◆ Problem
Going through the data below, find how many lines include the word "Area", and reply with that number alone.

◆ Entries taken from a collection
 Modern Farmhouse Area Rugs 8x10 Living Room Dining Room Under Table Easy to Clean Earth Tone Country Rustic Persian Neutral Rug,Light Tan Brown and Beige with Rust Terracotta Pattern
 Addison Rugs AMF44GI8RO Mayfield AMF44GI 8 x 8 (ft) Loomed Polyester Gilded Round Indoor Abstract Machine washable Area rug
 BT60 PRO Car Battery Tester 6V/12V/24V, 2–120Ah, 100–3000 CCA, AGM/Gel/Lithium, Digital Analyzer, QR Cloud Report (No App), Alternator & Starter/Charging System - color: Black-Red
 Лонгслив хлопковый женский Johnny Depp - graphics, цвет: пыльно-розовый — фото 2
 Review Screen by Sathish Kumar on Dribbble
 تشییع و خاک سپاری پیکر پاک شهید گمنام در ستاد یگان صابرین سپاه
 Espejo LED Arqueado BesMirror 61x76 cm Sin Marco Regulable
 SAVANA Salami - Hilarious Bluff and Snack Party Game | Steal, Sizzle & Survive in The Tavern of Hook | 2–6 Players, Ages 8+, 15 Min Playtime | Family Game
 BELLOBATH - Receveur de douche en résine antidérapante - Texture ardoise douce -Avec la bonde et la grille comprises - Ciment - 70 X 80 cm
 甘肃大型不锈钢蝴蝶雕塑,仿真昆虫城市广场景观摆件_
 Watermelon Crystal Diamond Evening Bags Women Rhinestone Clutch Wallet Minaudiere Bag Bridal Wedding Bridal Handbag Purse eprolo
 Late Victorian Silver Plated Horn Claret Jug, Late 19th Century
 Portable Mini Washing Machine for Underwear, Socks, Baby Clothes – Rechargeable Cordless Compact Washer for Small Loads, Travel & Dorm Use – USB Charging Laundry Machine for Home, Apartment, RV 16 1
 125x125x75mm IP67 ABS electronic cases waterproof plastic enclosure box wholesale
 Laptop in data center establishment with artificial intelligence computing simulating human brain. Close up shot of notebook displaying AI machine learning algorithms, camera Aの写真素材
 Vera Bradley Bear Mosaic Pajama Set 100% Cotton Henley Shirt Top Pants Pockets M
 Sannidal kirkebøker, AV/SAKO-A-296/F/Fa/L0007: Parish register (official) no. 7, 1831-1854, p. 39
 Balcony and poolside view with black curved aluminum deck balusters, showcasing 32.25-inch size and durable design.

◆ Answer section
2